> **EXERCISE OBJECTIVE**
Range to repeat from the listing below: the line containing "Kona II 2023" down to the line containing "3C6TRVAD7FE513870", both included. Copy it exactly, pictures excluded, and add nothing else.

> **DATA LISTING**
BEGIN
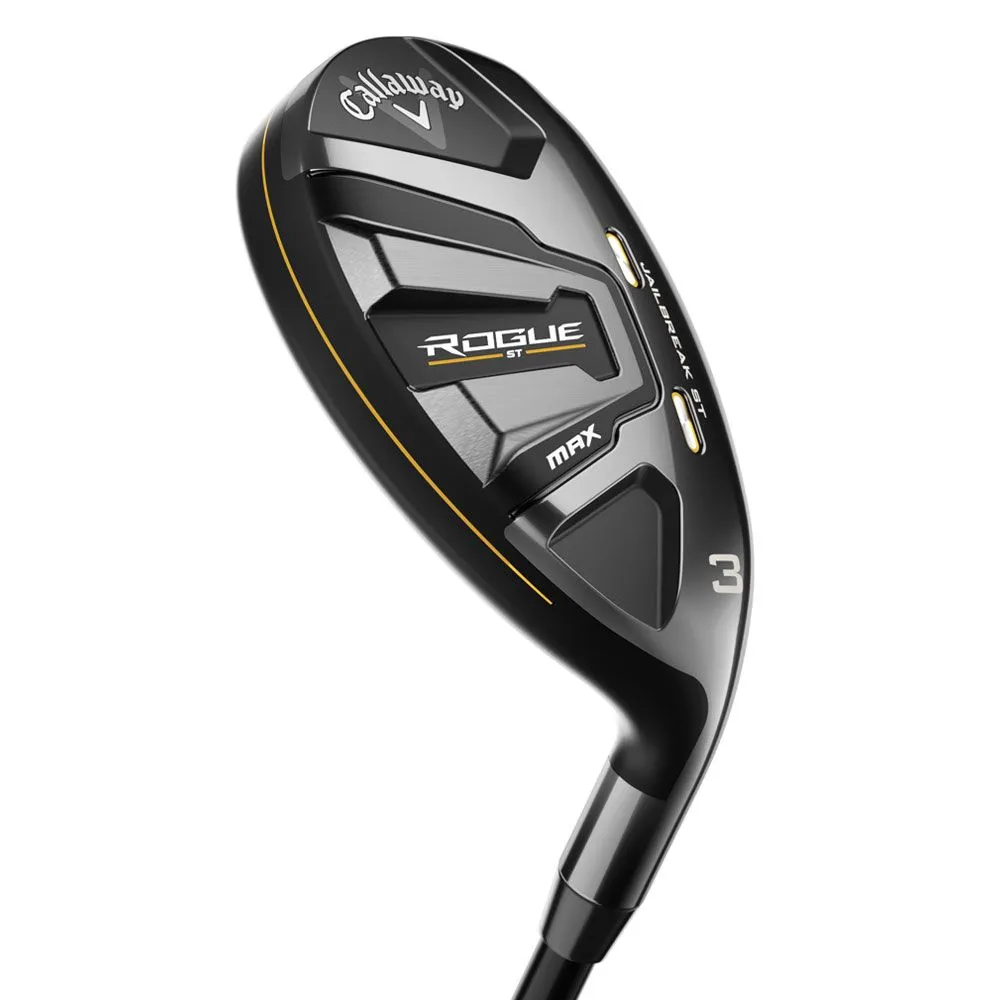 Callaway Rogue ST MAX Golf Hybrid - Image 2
END
BEGIN
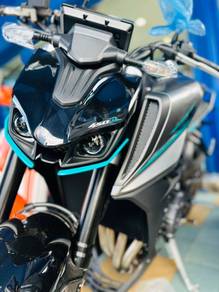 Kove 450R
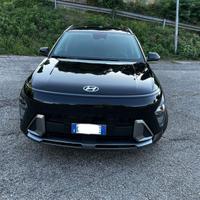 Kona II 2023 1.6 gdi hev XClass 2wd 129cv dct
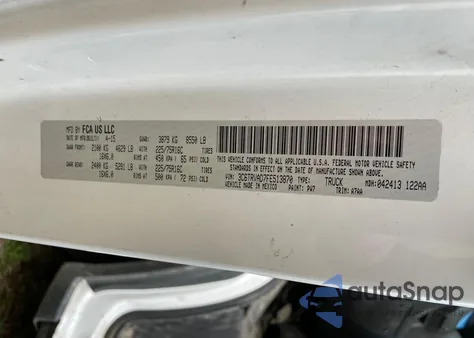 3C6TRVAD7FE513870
END
> **RESULT FOR THIS EXERCISE**
 Kona II 2023 1.6 gdi hev XClass 2wd 129cv dct
 3C6TRVAD7FE513870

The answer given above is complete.